In this chapter, we have presented two predictive coding tools: the disparity-compensated prediction and the view-synthesis prediction. To increase the coding efficiency, the presented coding tools aim at exploiting the inter-view correlation by using various prediction structures. To this end, we have investigated the MaDC prediction structure that leads to a complex prediction structure and involves a large number of dependencies between the frames (see Figure 5.1(b)). We have therefore proposed an alternative coding structure that reduces the number of dependencies between the frames as shown by Figure 5.4. Related to this, we have discussed multiple scenarios for selecting an appropriate coding structure, fulfilling the requirements of (1) either high coding efficiency, or (2) low-delay access to a user-selected view.

Using the proposed prediction structure, we have presented a new algorithm for the predictive coding of multiple depth and texture camera views that employs two different view-prediction algorithms: a disparity-compen-sated prediction and a view-synthesis prediction.
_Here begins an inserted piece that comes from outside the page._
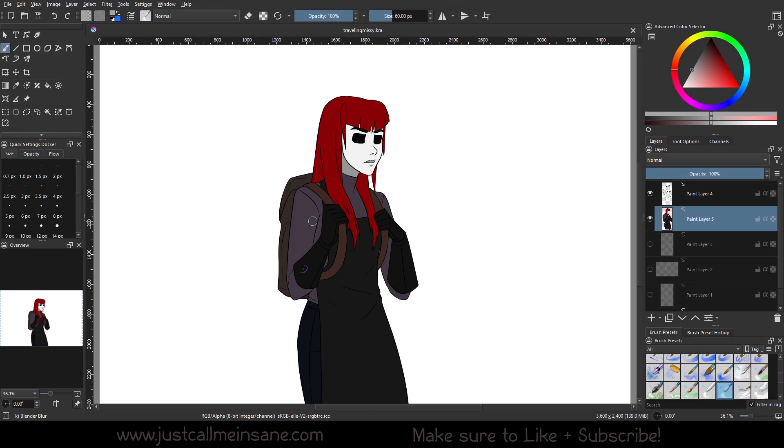Hey everybody, welcome back to another Krita tutorial. Today we're going to go over the next layer mask in our layer mask series.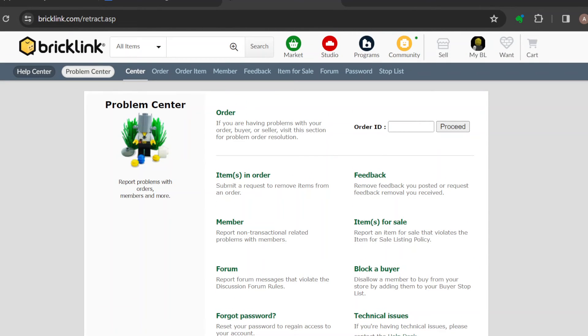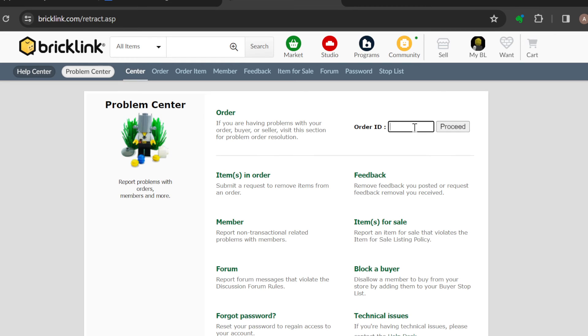But for a buyer, the same thing applies. After logging into your account, select the Problem Center, just like you can see on my screen. Then in this box as well, enter the order ID and click on Proceed.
The advantages of the algorithm are that (1) the compression is robust against inaccurately estimated depth images and (2) the chosen prediction structure allows random access to different views. For each image block, the selection between the two prediction algorithms is carried out using a rate-distortion criterion. Furthermore, we have integrated the view-synthesis prediction scheme into an H.264/MPEG-4 AVC encoder, leading to an adaptive prediction, using either disparity-compensated prediction, or view-synthesis prediction. It was discussed that this integration can be performed smoothly and leads elegant advantages. The most relevant benefits are that the predictor selection is performed using the H.264/MPEG-4 AVC framework and that the coding mode selection is indicated by the reference frame index.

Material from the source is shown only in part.